> What the exercise asks:
Across the entries below, how many lines have the string "next" in them? Reply with only the number.

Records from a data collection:

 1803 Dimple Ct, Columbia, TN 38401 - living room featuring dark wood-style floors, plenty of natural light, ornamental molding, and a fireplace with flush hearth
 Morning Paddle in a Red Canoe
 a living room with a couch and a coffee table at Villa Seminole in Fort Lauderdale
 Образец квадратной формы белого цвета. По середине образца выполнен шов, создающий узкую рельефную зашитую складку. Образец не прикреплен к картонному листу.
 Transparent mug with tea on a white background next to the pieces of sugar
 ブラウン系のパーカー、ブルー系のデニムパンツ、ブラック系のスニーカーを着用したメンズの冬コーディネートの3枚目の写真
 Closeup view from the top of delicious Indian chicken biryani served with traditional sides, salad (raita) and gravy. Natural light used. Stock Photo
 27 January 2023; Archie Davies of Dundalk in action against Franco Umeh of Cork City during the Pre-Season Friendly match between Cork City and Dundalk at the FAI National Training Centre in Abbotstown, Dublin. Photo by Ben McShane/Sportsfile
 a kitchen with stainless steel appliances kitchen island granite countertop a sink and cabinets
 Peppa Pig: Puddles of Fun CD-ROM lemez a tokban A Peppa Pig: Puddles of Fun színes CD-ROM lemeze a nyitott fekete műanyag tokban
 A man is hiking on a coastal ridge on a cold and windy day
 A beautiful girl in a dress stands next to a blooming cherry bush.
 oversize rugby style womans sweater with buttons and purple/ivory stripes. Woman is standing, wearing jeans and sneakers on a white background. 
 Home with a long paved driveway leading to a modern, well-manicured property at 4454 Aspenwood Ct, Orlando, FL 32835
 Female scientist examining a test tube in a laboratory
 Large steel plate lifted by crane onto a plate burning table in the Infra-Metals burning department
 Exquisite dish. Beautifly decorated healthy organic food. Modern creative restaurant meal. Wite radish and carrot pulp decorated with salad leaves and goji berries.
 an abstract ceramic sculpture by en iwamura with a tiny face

> Finished task:
2